I’m going with one-and-a-half out of five for director Ishan Trivedi’s Radio. The protagonists in this film repeatedly smash crockery on the floor insisting it’s good luck. I wonder whose luck they mean. Not the audience’s, I can assure you!

(This review first aired on CNN-IBN)

Baap of all performances!

Filed under: Our FIlms — Rajeev @ 3:19 am

December 4, 2009

Cast: Amitabh Bachchan, Abhishek Bachchan, Vidya Balan

Director: R Balki

Like most kids his age, Auro doesn’t want his friends to see his mum dropping him off at school. He’s not very fond of girls, and most of his jokes involve the potty and what you place on it. In fact, he seems so obsessed with that particular body part he’s nicknamed his grandma ‘Bum’, because she’s got a big one.

Auro, of course, is the protagonist of director R Balki’s Paa. He’s your average mischievous 12-year-old, except for the fact that he has progeria, a rare medical condition that accelerates the ageing process. So although he’s only stepping into his teens, Auro has the body of a 65-year-old.

In what can be best described as a casting masterstroke, Amitabh Bachchan steps into the (relatively) small shoes of Auro. Contrary to what the film’s marketing conveys, Paa is actually a mother-son story. Vidya Balan plays single-mum Vidya, who raises Auro with some help from her mother, after dumping her selfish boyfriend in college, when he suggests an abortion. Amol (played by Abhishek Bachchan) is not ready for marriage; he is keen to follow his father into politics.

Years later, Amol, who is now a Member of Parliament, accidentally meets Auro at a school event, both oblivious to the fact that they are father and son.

Much in the same vein as the director’s previous film Cheeni Kum, the first half of Paa unfolds breezily, with witty dialogue and clever scenes used effectively to establish the characters and their relationships. Steering clear of pity, even in delicate scenes, Balki avoids the obvious pitfalls that come with stories about characters suffering from grim conditions.

There is however, one major speed-bump before intermission, a track in which the young politician Amol launches into a verbal attack on the media. It sticks out in the film because that scenario is so amateurishly scripted and comes off looking embarrassingly self-righteous.

There are more problems in the film’s second half when the tone suddenly turns exceedingly manipulative, and several scenes are stretched unnecessarily like the one in a Delhi metro where Auro questions Amol about the futility of having bodyguards.

Despite these hiccups, Paa is ultimately an engaging film because of its largely original writing. One of the best scenes in the film is a hilarious telephone conversation between Auro and a classmate of his, in which the latter explains just how frustrated he is with his father. Most scenes, in fact, between Auro and his buddies at school are a pleasure to watch because of the natural performances Balki is able to derive from his child actors.

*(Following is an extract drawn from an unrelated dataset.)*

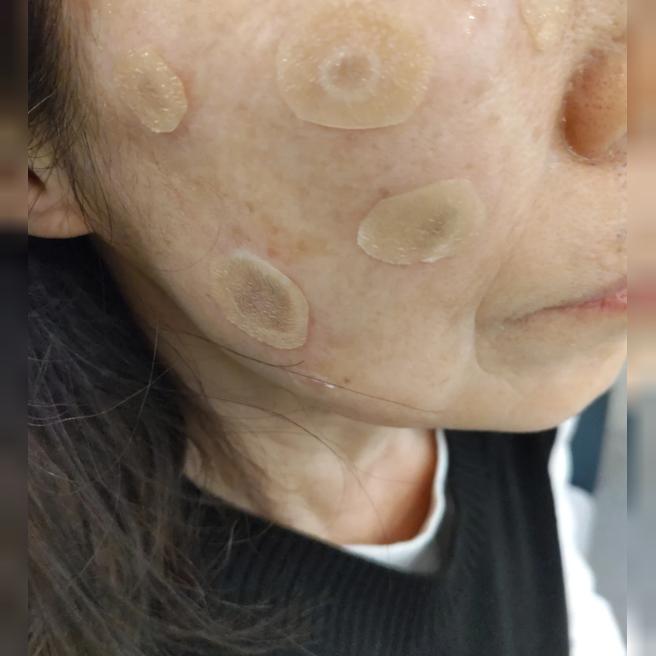 한국에서 처음 받았는데 좋아서 다음엔 다른 시술도 해보려고요~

Of the cast Arundhati Naag is endearingly warm as Auro’s feisty grandmum, and Pratik Katare gets his timing spot-on as Auro’s best friend Vishnu. Abhishek Bachchan is a tad smug as the new-gen politician, and tries a little too hard to force the ‘coolness’ down our throats.

In the end, Paa belongs to mother and son. Vidya Balan delivers her best work since Parineeta, emerging the emotional soul of this film with a graceful, restrained performance that she constructs with minimal help from the script. She strikes up a warm maternal chemistry with Auro and her scenes with him are the film’s most heart-felt.

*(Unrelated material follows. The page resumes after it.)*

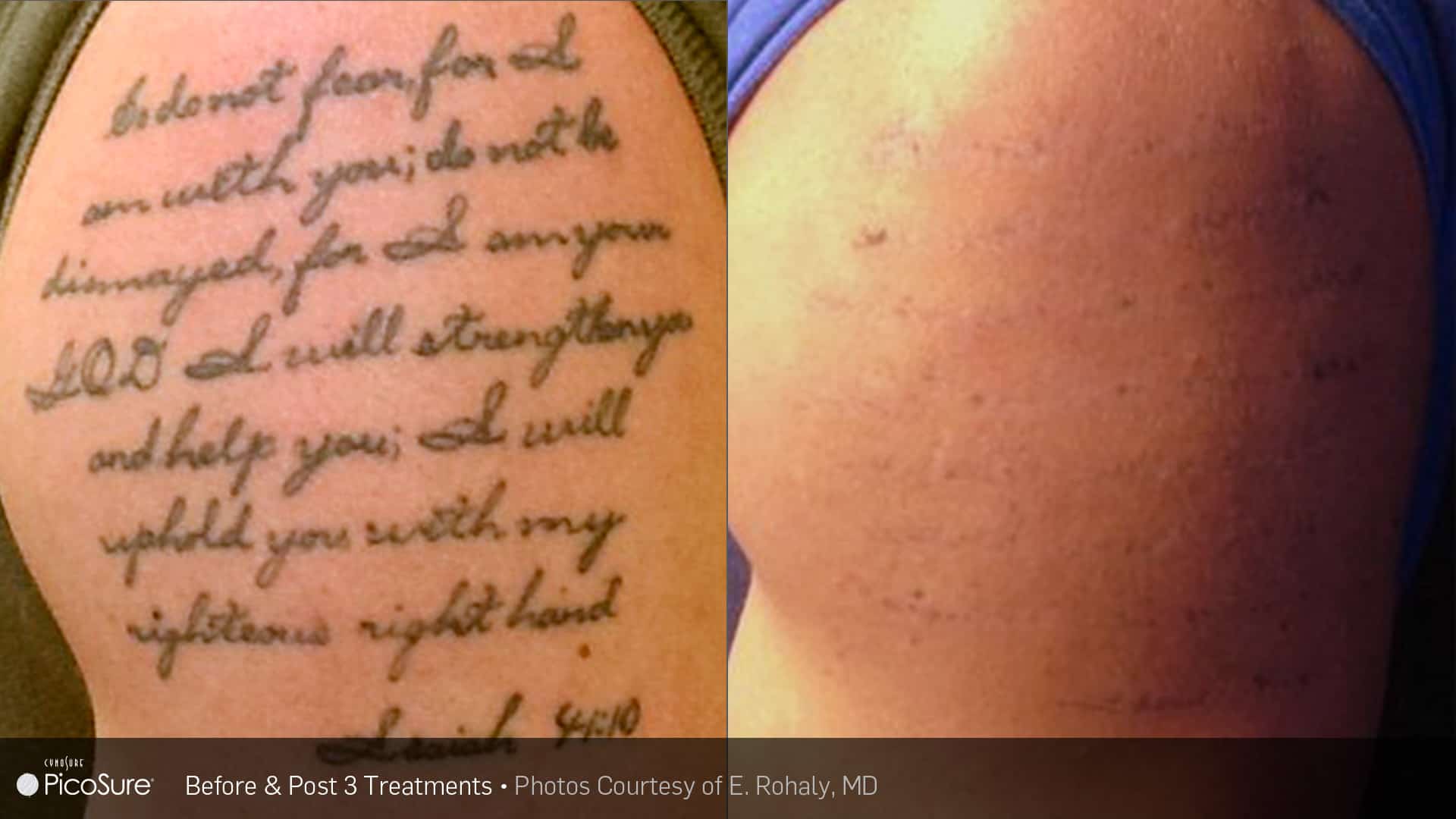 Zapp Laser Studio  After just ONE PicoSure Laser Treatment PocoSure    PicoSure Tattoo Removal  Fading for a cover up  1st  Treatment  Treatment took 10 minutes  Discomfort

The centerpiece of the action, of course, is Amitabh Bachchan. Under that excellent prosthetic make-up, his baritone replaced by a childish squeaky voice, Bachchan becomes Auro. There is no trace of the legendary 68-year-old star; what you get is a pitch-perfect performance as a gawky but spirited teenager.

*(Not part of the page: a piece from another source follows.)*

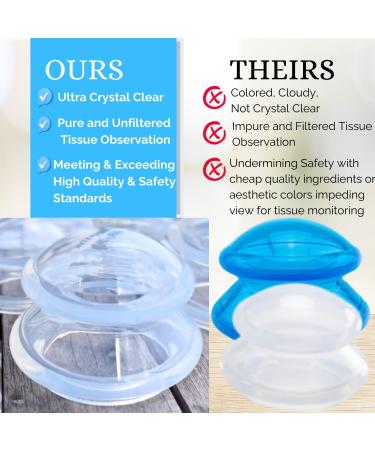 Cupping Warehouse TM Beginner Soft Supreme 2 Large Intermediate Cupping Therapy Set- Beginner Clinic & Home Use Silicone Cupping Set Suction Cups for Body - IP5560 - 2 Large - Buy Online on GoSupps.com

PC Sreeram’s dazzling cinematography and Illayraja’s soothing score help make up for many of the script’s flaws, and ultimately contribute to making Paa an easy, enjoyable watch.

I’m going with three out of five for director R Balki’s Paa. Few filmmakers stick their necks out to tell difficult and different stories in these days of mindless entertainers making potloads of money. For their intentions alone, the makers of Paa deserve a thumbs-up.